Interesting things have been put in place. A primary objective under Anti-Competitive Objectives is “To maintain and promote fair and efficient market conduct and effective competition in the broadcast industry in Nigeria or, in the absence of competitive market, to prevent the misuse of monopoly or market power or anti-competitive and unfair practices by broadcasters or licensees of facility providers or equipment suppliers in the broadcast industry.”

The opening line in Section 6 states: “It is the policy of the Nigerian government to promote local entrepreneurship in the creative industry in Nigeria. In the actualization of this policy the broadcast industry in Nigeria shall promote the full exploitation of Rights to sports and other programming content for the broad benefits of Nigerians. Therefore, the exclusive exploitation of rights even when acquired is not permissible in Nigeria”

Under Acquisition of Sports Rights, the Code says in 6.2.1 “Nigeria shall not be bundled in the same basket with other countries in the sale of football rights.”

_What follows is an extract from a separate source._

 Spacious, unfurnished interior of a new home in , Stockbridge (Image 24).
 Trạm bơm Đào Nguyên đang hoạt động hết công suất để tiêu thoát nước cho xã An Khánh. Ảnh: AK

This was introduced some years ago and some of us canvassed it without restraints and it came with unexpected consequences and business failure. But this does not strip it of the patriotic relevance.

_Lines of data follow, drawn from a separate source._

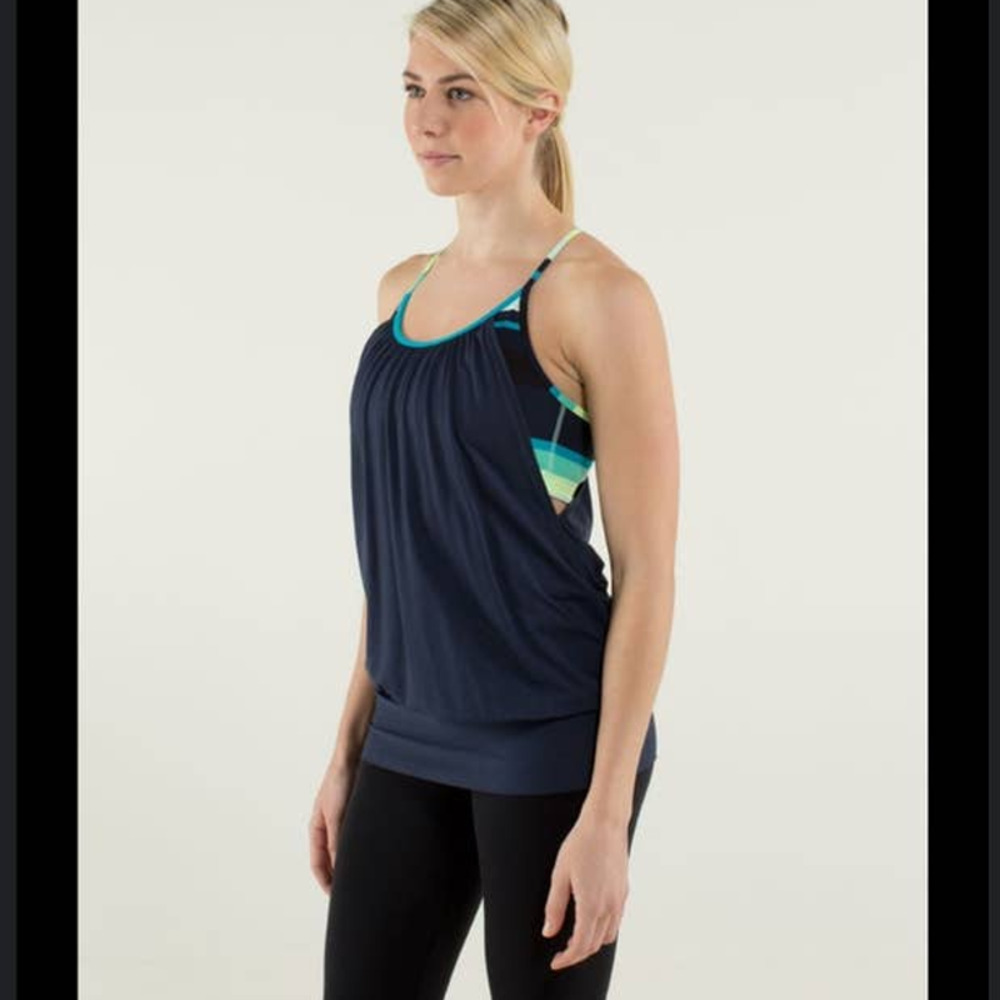 Lululemon No limits tank in inkwell assorted stripe surge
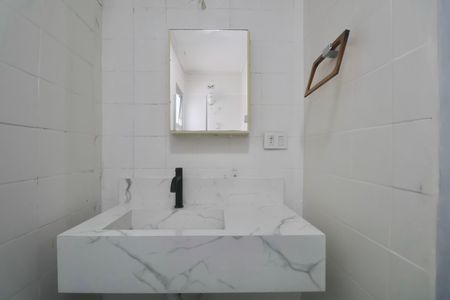 Apartamento para alugar com 96m², 2 quartos e 1 vaga Apartamento para alugar com 96m², 2 quartos e 1 vagaBanheiro Suíte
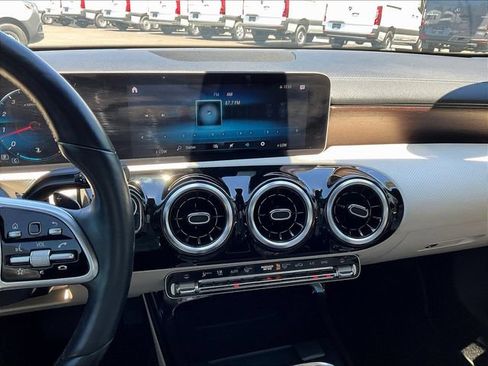 Certified 2020 Mercedes-Benz CLA 250 4MATIC image 11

Here are two other sections of the Code that deserve very close scrutiny. Section 6.2.5 states as follows: “To ensure fair and effective competition on all platforms at an agreed fee, rights owners to Live Foreign Sporting Events shall offer the rights to Broadcasters on the different platforms stated below: a. Satellite DTH, b. Multipoint Microwave Distribution System (MMDS), c. Cable (Fibre Optics), d. DTT (Terrestrial), e. Internet, f. Mobile, g. Internet Protocol Television (IPTV), and h. Radio.

Please, permit me to add Section 9.1.1 under Wholesale Offer. It says for the purpose of ensuring the widest possible distribution and viewership of content considered critical to the success and sustainability of new entrants in the Pay TV industry in Nigeria, the Broadcasters shall ensure access by all Pay TV platforms to premium content in the Sports and News genre to generate effective competition at the wholesale level for such genres.”

Following from the points raised above, I am pressed to say that I have gone through the amended Code and can see lots of patriotism and good intentions, even vaunting patriotism. I will therefore make the following observations:

  • *The broadcast market is an open market where people shop for what they want, just like any open market in Abuja, if stripped of technology accoutrement.
  • *All contents are essentially raw until you begin to build them into attractive packages and channels
  • *TV especially Satellite, Cable and IPTV, among others, depends on premium programming
  • *Broadcasters build premium channels for niche audiences, which sometimes are segmented, for onward marketing to advertisers; niche audiences marketed to advertisers
  • *There are business decisions which should be left to business or broadcast partners for them to hammer out a relationship.
  • *TV avails are paid for by subscribers and advertisers who are more interested in professionalism than patriotism. But know that patriotism can professionally be packaged to attract commercial interests.
  • *Most broadcasters build premium channels to have a special cut of the market. This is not abominable. What is abominable is the fraudulent who wants to hide under patriotism to destabilize the market.

In spite of some exciting takeaways, the amended Code in the main, is an attack on market democracy. It leaves little encouragement for people to scrutinize why some local broadcast businesses fail in Nigeria and can hardly go beyond our shores while foreigners succeed. What springs hope here is that the life of a Broadcasting Code is two years. It is recommended that the NBC should not begin to savor a mission accomplished but should immediately commence stakeholder engagement on creating a better industry and working on a robust document that will be less discriminatory.